なぜ、グミ市場は拡大しているのでしょうか。日本グミ協会の武者慶佑会長によると、その理由のひとつとして「商品ラインナップの多様化」を挙げます。ゼラチンやペクチン、寒天などを原料にして製造されるグミは、色や形、味、弾力などを自由に加工することができるので、それが商品の多様化に繋がっているといいます。

たとえば、グミの食感ひとつをとっても、ハード系とソフト系に分類することができます。世界中で人気の『ハリボー』や、高弾力の『TOUGH』などはハード系、ロングセラーの『果汁グミ』や、弾けるようなリアルな食感が特徴の『コロロ』などはソフト系に分類されます。

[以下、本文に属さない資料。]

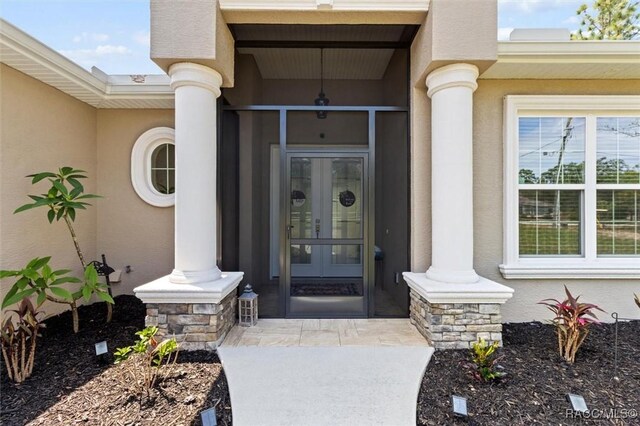 5888 W Corral Pl, Beverly Hills, FL 34465 - entrance to property featuring stucco siding, stone siding, and french doors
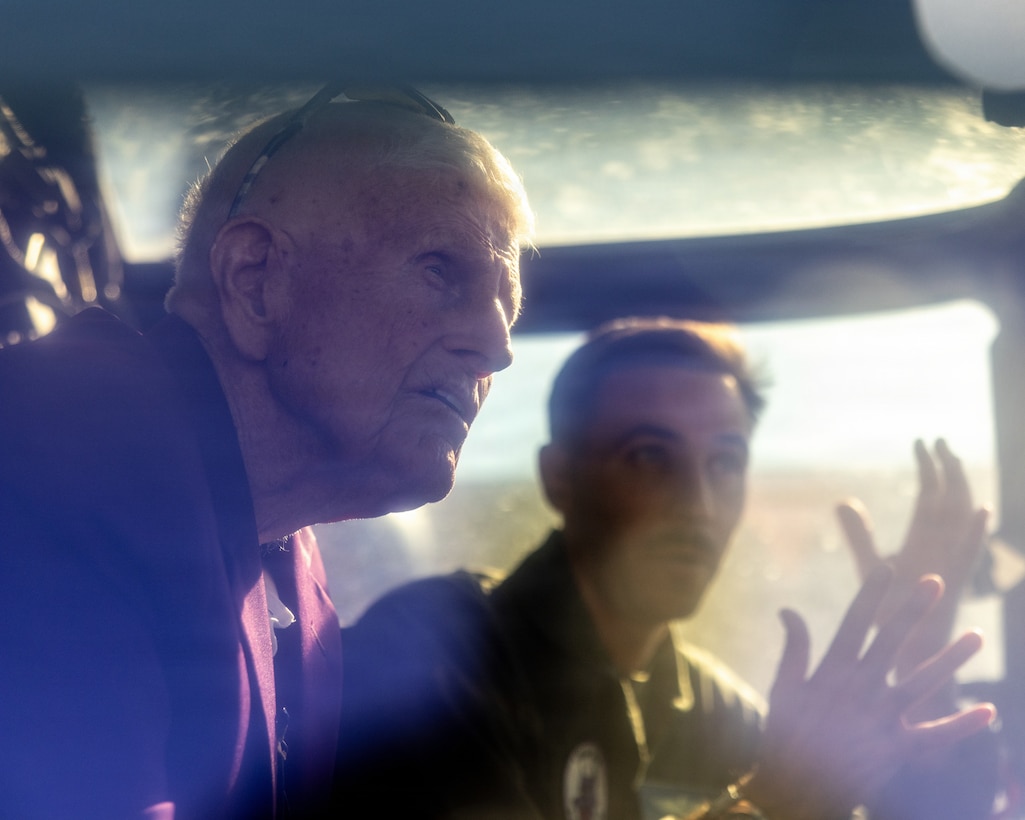 U.S. Marine Corps Maj. Bussick, the executive officer of Marine Medium Tiltrotor Squadron (VMM) 364, Marine Aircraft Group 39, 3rd Marine Aircraft Wing, discusses the operations of an MV-22B Osprey with U.S. Marine Corps veteran, Capt. Nelson J. Baker, at Marine Corps Air Station Camp Pendleton, California, Jan. 30, 2026. Baker is a plank holder of VMM-364 and served as one of the squadron’s first pilots when it was commissioned as Marine Medium Helicopter Squadron (HMM) 364 in 1961. He visited to share the squadron’s legacy with the current generation of Marines who work with and fly the MV-22B Osprey. (U.S. Marine Corps photo by Lance Cpl. Jonathan Sherchand)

また、従来の子供向けのグミのほか、コラーゲンやビタミンCが配合された美容系、2粒で1日に必要な11種類のビタミンが摂れる『グミサプリ』のような機能系、エナジードリンク味の『狩人めし』といった男性向けなど、ターゲットや目的別に様々な商品が誕生。『タピオカミルクティグミ』など、トレンドを取り入れたグミも登場しています。UHA味覚糖のマーケティング部・西田優子さんによると、グミの商品数は「20年前に比べて約3倍、10年前に比べて約1.6倍に増えている」といいます。

多種多様なフレーバーや食感のグミが展開されることで、細かいニーズに対応した自分好みの商品を選ぶことができるようになり、子供や女性はもちろん、男性もグミを手に取りやすくなっているようです。

「女性の小腹満たし」が起爆剤に

こうしたグミの細分化が促進されるようになったのは、「コンビニ隆盛の1990年代後半から2000年代前半頃、『ピュレグミ』が発売されたあたり」だと武者さんは考察します。

それまで子供向けのお菓子だったグミが、“女性の小腹満たし”として広く認知されるようになったことがきっかけだといいます。それに伴い、スーパー、コンビニ、ドラッグストア、駅ナカなど販売チャネルが拡大。グミ市場の拡大を後押ししました。

さらに、グミの人気を牽引しているのが「SNS映え」だと武者さん。「グミは、その自由な形状と色合い、パッケージの可愛さなどから、SNSとの相性がよく、“SNSでシェアできるお菓子”として拡大していきました。それが結果として、グミ市場の拡大につながっているのではないでしょうか」。

多様化する消費者のニーズにマッチしたグミ。西田さんによると「毎年100種類以上の新作グミが発売されている」といいます。変幻自在のグミが、ガムの市場を抜く日はそう遠くないのかもしれません。